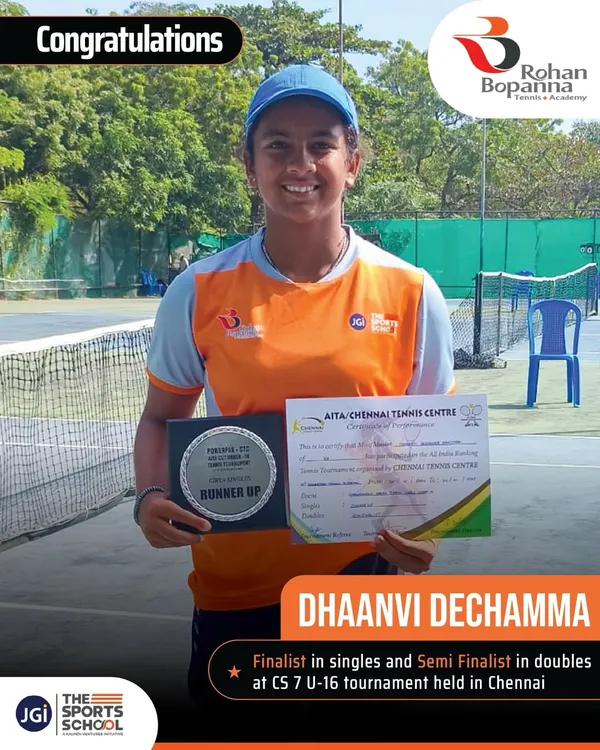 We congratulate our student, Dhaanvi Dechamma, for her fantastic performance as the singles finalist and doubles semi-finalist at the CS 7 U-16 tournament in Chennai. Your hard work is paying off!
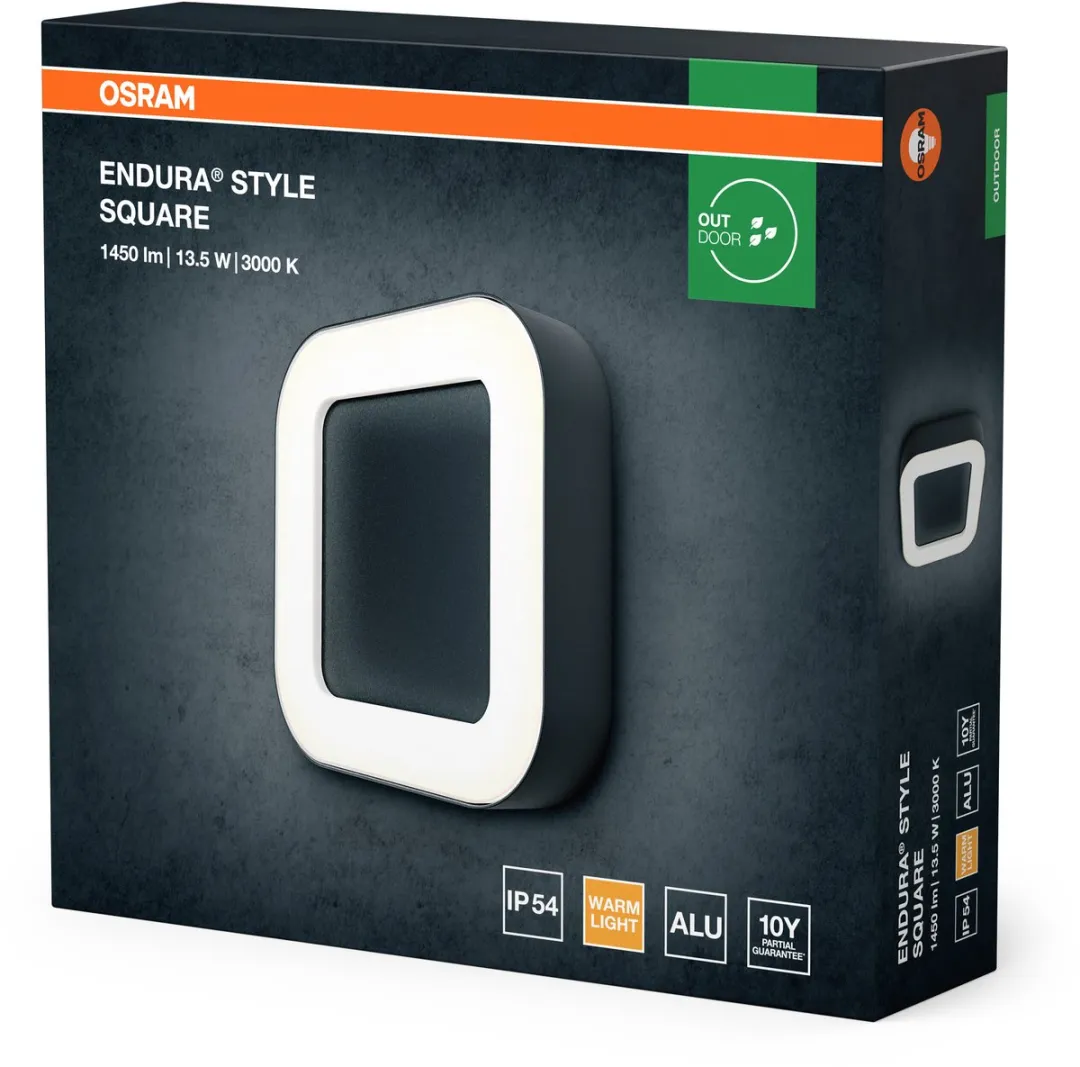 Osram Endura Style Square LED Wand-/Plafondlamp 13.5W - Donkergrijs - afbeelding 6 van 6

★ ★ ★ ★ ★

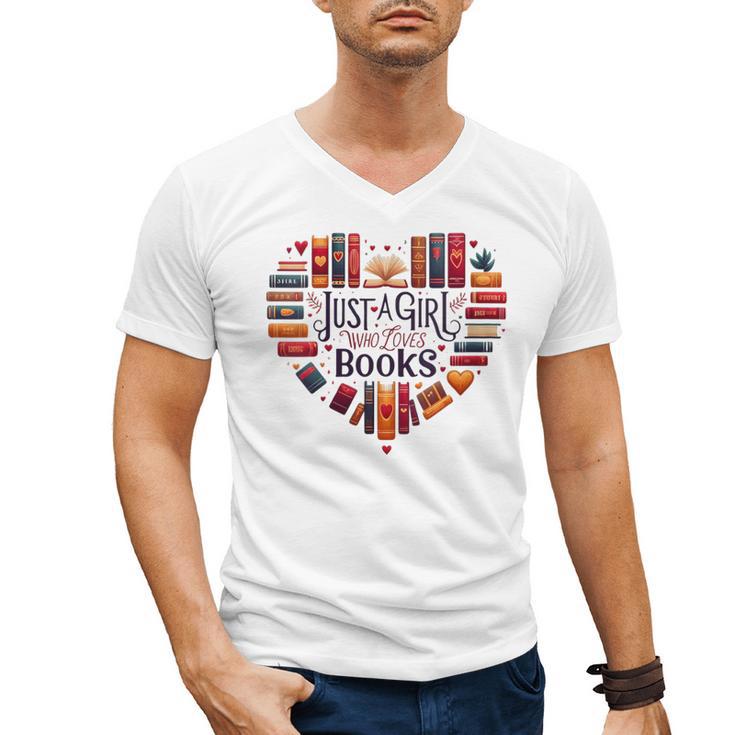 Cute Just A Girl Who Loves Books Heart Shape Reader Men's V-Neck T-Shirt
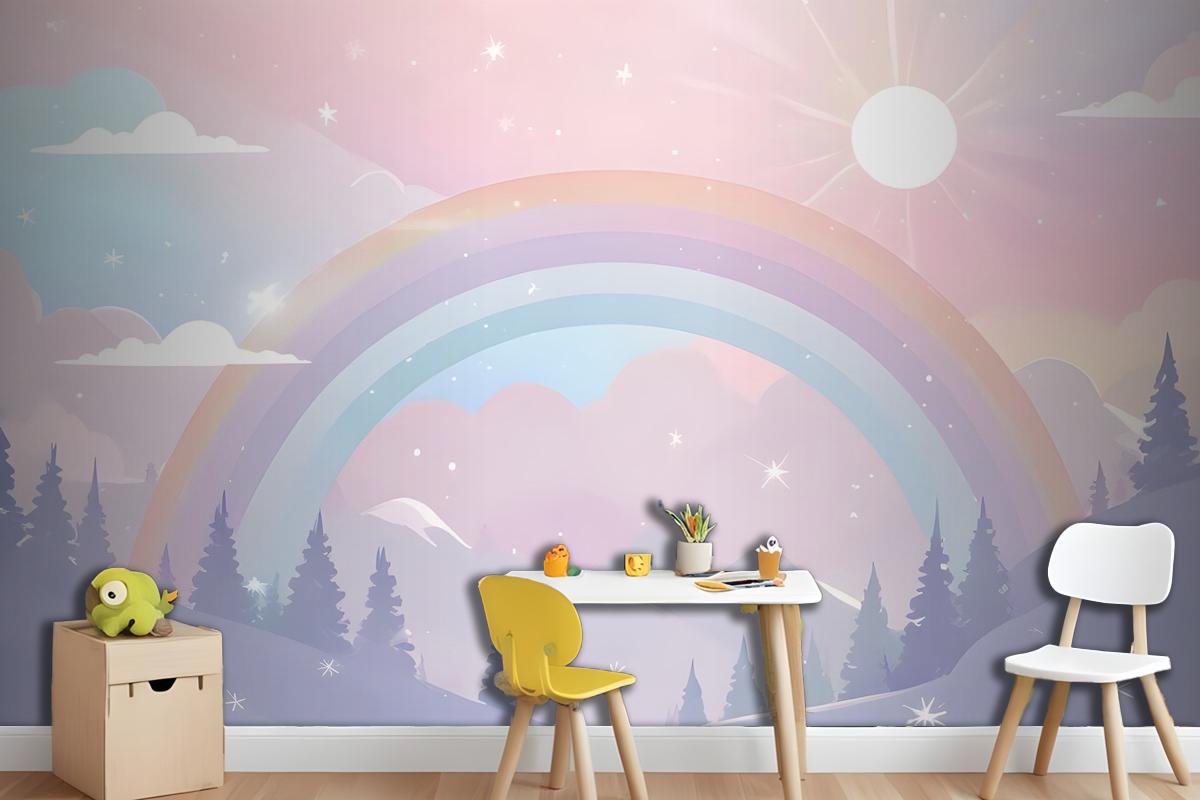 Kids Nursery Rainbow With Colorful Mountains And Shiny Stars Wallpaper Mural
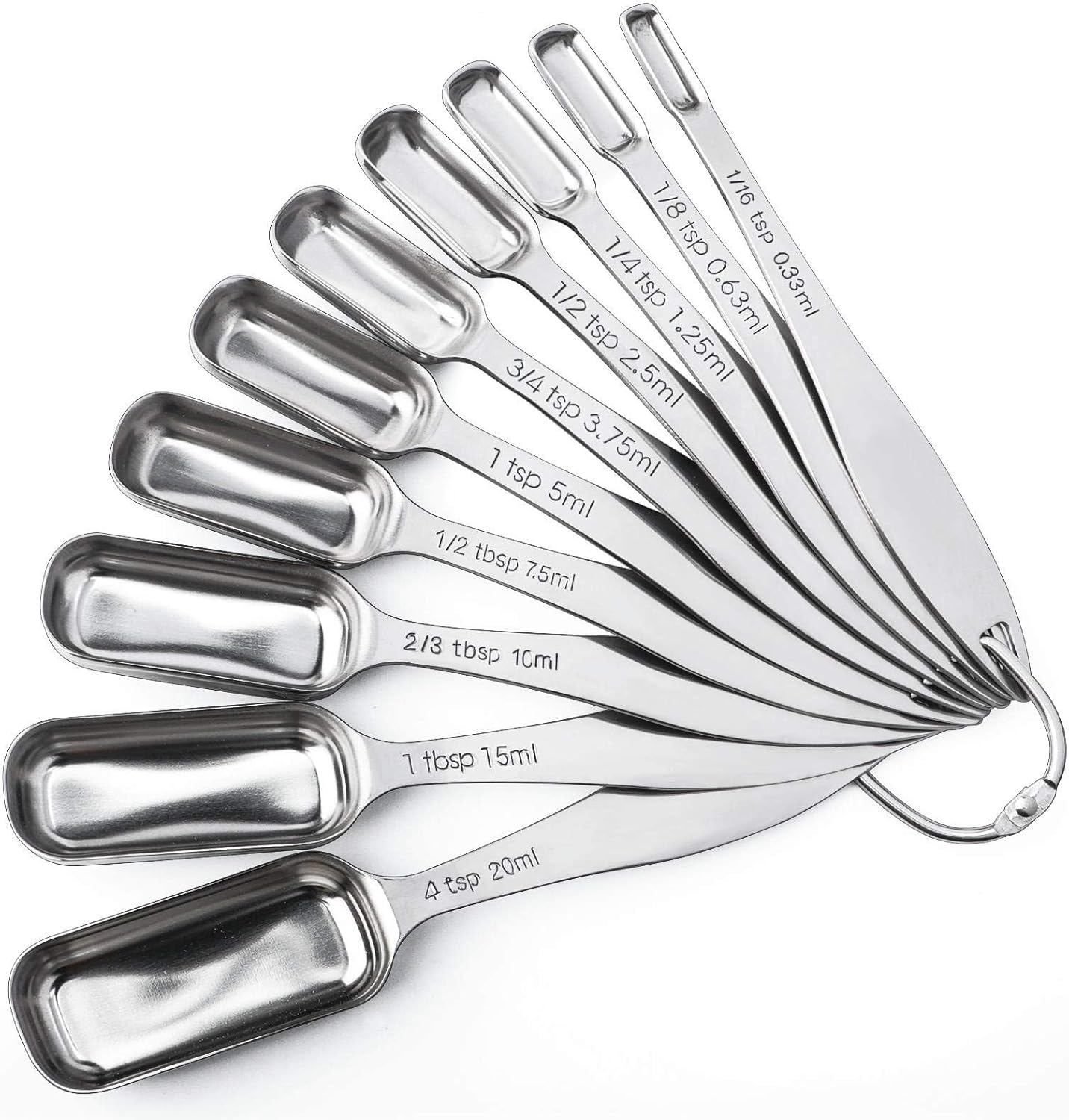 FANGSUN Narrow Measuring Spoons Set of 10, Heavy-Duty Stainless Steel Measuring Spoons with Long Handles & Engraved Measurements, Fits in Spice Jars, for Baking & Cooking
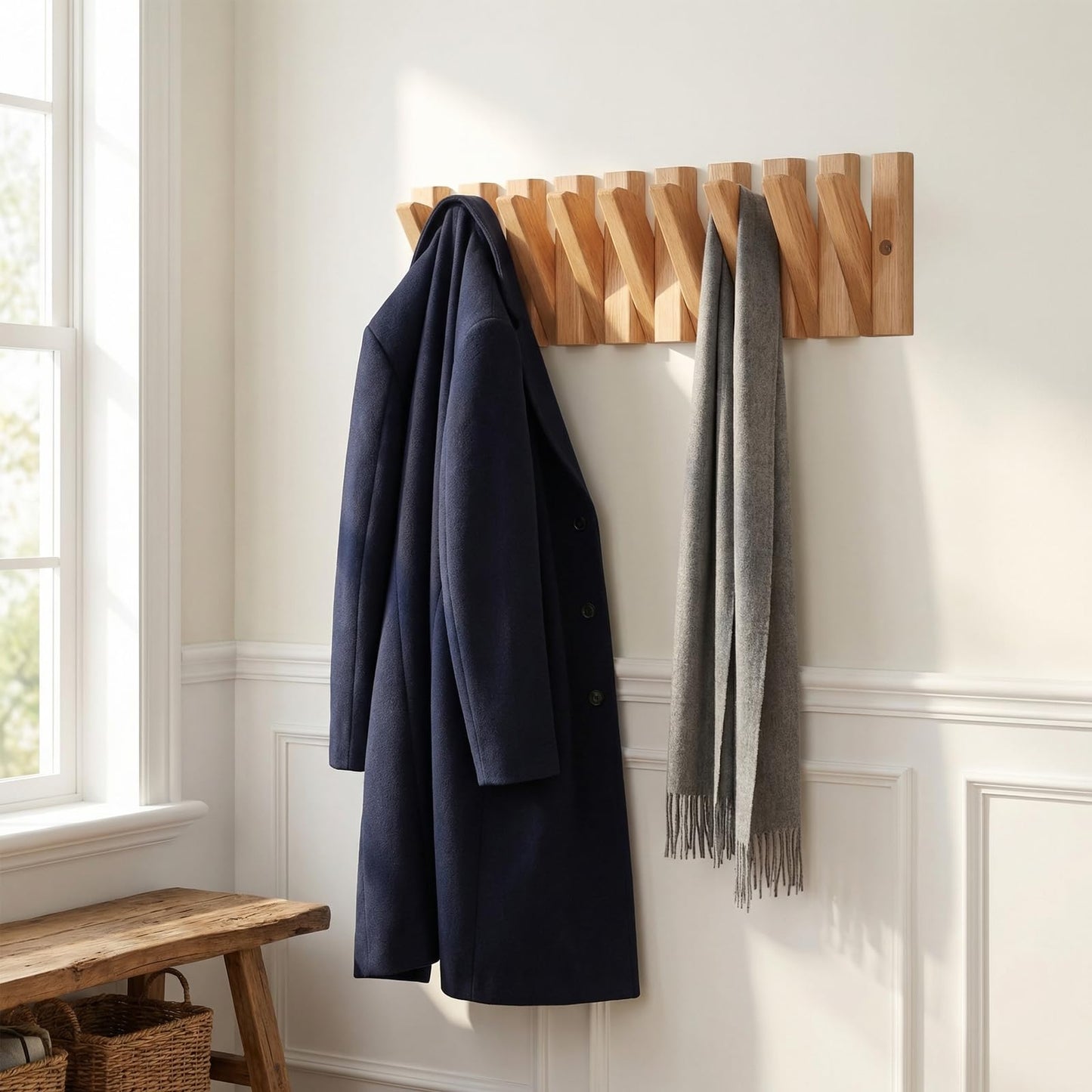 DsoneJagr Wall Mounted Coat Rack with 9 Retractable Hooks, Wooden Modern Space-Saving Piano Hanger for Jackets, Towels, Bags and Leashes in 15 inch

★ ★ ★ ★ ★

**Instructions to follow:**
Leaving out all pictures, set down exactly the lines of the material above, from the line with "FANGSUN Narrow Measuring" to the line with "DsoneJagr Wall Mounted" inclusive, and no others.

**Solution:**
 FANGSUN Narrow Measuring Spoons Set of 10, Heavy-Duty Stainless Steel Measuring Spoons with Long Handles & Engraved Measurements, Fits in Spice Jars, for Baking & Cooking
 DsoneJagr Wall Mounted Coat Rack with 9 Retractable Hooks, Wooden Modern Space-Saving Piano Hanger for Jackets, Towels, Bags and Leashes in 15 inch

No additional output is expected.